It seems the big technology companies are running scared. According to a report by The New York Times, they have ramped up their lobbying efforts into the stratosphere at all levels of government, and Tim Cook is even personally calling politicians – most prominently, Nancy Pelosi.
The calls by Mr. Cook are part of a forceful and wide-ranging pushback by the tech industry since the proposals were announced this month. Executives, lobbyists, and more than a dozen think tanks and advocacy groups paid by tech companies have swarmed Capitol offices, called and emailed lawmakers and their staff members, and written letters arguing there will be dire consequences for the industry and the country if the ideas become law.
The bills, the most sweeping set of antitrust legislation in generations, take aim at Amazon, Apple, Facebook and Google by trying to undo their dominance in online commerce, advertising, media and entertainment. There are six bills in total, and if passed, they would empower regulators, make it harder for the tech giants to acquire start-ups and prevent the companies from using their strength in one area to form a grip in another.
Apple also published a 16 page PR document today, warning that the world will end if Apple is forced to allow sideloading or third party application stores on iOS. Of course, this is all nonsense, as the only thing Apple worries about is the protection money it extracts that makes up the vast majority of its services push that it uses to please investors. Nobody is going to break into iOS users’ homes and force them to sideload – don’t sideload if you don’t want to, but the rest of us should be allowed to do whatever we want with the devices we paid money for.
Another major reason Apple is running is scared is that if it has to allow sideloading, the company will lose the control over its platform that is so coveted by Apple’s closest friends and allies, the totalitarian governments of this world. China, Saudi-Arabia, Russia, and others are weaponising Apple’s walled garden, and if that wall is cracked open, Apple is suddenly no longer as valuable to totalitarian governments. This would hurt Apple’s bottom line significantly.
Amazon and Google also have a lot to lose, of course. Google controls most of the advertising market and any measures to lessen that control will be a major blow to the company’s bottom line. Amazon, for its part, abuses the data it collects about buyers and sellers to create their own products and delist their competitors, which has become a cornerstone of the company’s strategy.
The fact they are running scared bodes well for the contents of these proposed bills, but at the same time, it also means a lot of bribes are flowing towards Washington, and American politicians are nothing if not deeply, systematically corrupt and easily bought.
This was what I feared. And it is happening for a second time.
Back in the day, Microsoft had virtually zero lobbying spending. And they were just doing their thing. (I don’t want to go into merits of their thing, just the outside effects).
However, DOJ brew up an anti-trust case against them, asking an ultimate breakup of the company even.
And, then all of a sudden (even before the case was officially filed), Microsoft started lobbying. It went onto increasing that over time, which is still increasing today.
What happened to the anti-trust case? They reached a settlement for what is essentially a slap on the wrist:
Now, “big tech” is ramping up lobbying that coincides with the anti-trust risk over their heads (And, yes, I work for a big tech company, so I need to stop here).
You don’t have to look that far. Android is much more open in regards to installing APKs and proves that whatever Apple claims in this regard, to prevent the same on iOS, is bollocks. I personally just don’t know on why we are having this discussion in 2021. Regulators have failed us and did that hard.
Behind the boasts and badges of status these alleged captains of industry are flawed and inadequate human beings like the rest of us.
The world will end? Is Tim Cook now a believer of the Armageddon stated in the Bible? Anyway, since I do not have time to read that, he must have been saying that Apple is on a world of its own, and can’t afford to let aliens running applications inside Apple’s world.

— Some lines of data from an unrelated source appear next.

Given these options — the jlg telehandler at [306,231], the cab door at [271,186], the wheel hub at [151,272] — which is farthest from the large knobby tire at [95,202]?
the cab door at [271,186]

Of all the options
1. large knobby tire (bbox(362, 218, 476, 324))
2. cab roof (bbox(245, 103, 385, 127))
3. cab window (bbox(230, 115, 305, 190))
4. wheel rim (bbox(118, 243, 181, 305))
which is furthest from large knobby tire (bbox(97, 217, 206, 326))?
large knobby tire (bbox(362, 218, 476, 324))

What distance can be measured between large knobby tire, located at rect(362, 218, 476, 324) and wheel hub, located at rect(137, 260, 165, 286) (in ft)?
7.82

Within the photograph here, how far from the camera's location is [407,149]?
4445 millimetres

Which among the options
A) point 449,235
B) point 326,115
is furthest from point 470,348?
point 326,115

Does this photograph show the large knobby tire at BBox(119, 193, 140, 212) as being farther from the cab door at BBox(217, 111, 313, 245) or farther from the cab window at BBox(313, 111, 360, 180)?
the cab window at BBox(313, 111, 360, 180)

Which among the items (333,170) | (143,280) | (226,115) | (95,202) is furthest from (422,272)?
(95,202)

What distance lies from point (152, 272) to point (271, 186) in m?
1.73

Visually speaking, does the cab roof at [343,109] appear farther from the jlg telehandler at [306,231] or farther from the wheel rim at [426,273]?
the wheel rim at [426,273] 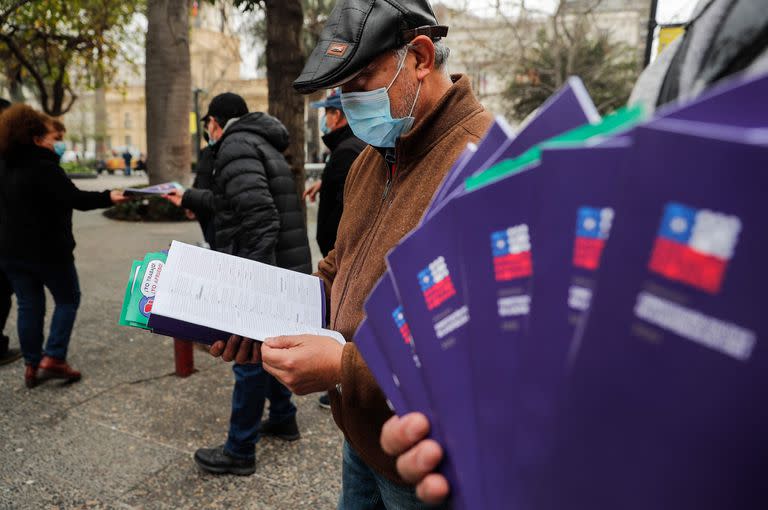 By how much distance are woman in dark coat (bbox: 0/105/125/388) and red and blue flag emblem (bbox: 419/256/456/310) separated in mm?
4400

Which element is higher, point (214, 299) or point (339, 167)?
point (339, 167)

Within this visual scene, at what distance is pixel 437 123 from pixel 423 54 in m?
0.22

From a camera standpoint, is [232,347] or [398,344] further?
[232,347]

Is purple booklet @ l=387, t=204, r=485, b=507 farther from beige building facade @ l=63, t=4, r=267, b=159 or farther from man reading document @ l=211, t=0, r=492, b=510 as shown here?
beige building facade @ l=63, t=4, r=267, b=159

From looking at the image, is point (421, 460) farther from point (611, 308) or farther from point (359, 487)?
point (359, 487)

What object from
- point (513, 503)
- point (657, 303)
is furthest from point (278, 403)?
point (657, 303)

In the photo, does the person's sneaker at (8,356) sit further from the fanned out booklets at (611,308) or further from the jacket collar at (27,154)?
the fanned out booklets at (611,308)

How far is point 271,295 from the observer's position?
1639 mm

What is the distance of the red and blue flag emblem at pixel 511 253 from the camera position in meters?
0.61

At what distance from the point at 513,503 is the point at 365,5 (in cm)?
131

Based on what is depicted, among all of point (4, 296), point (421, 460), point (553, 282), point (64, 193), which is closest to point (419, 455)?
point (421, 460)

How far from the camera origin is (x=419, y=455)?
0.79 meters

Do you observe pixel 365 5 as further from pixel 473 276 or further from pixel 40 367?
pixel 40 367

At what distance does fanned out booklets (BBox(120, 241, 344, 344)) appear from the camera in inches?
56.7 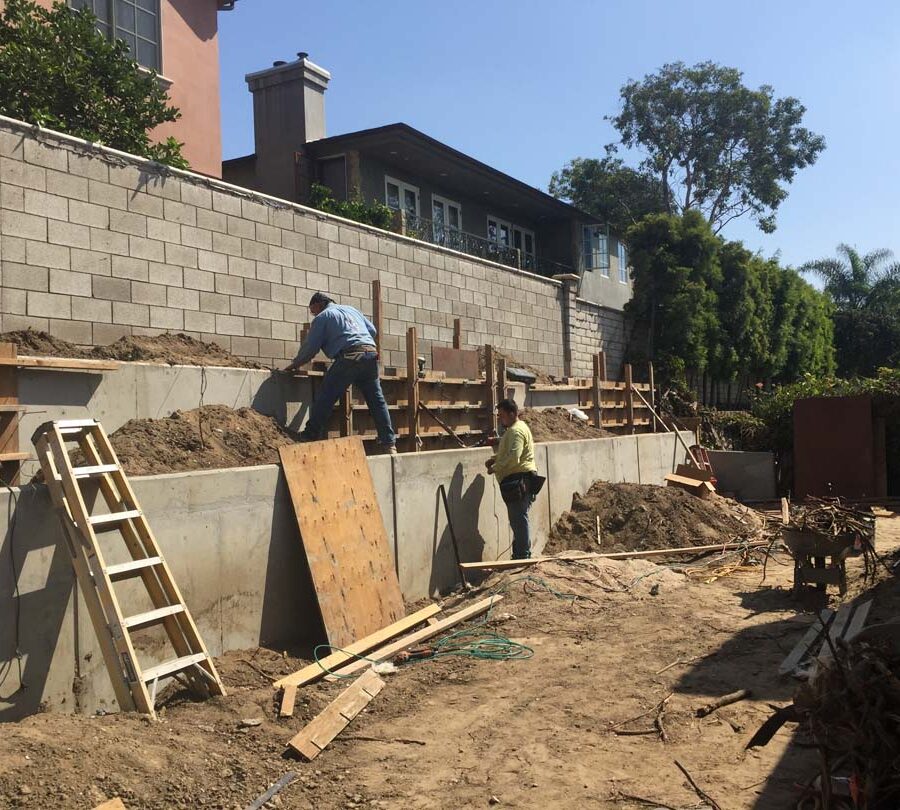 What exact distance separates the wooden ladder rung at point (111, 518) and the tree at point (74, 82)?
19.2 ft

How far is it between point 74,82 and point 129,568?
762cm

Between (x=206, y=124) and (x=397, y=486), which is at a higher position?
(x=206, y=124)

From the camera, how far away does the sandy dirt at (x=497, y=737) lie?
4293 mm

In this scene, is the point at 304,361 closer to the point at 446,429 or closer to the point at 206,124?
the point at 446,429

I’ve asked before and I’ll ask again. How would you handle China if you were running Apple. Keep in mind that right now you do not manufacture ANY iPhones or iPads and mostly not Macs (I think only the Mac Pro is manufactured in the U.S.). How would you handle and China’s market AND the people that allow you to do your job, which would be running Apple. Investors, especially the largest holders of Apple stock have a HUGE say in who is running Apple.
With that in mind, I encourage you to profoundly how you would tell China to shove their anti-human rights ways (I hate what they do as much as you) while:
1) Keeping your job as head of Apple which means keeping investors happen (profits, profits, profits)
2) Helping Chinese people who want iPhones AND freedom to be happier
3) Keeping China from nuking your manufacturing plants. Not literally nuking them but shutting them down or curbing them enough that you don’t lose your job as head of Apple.
I’m waiting … It’s an easy job. You keep saying it is. So tell us how you do things if you ran Apple.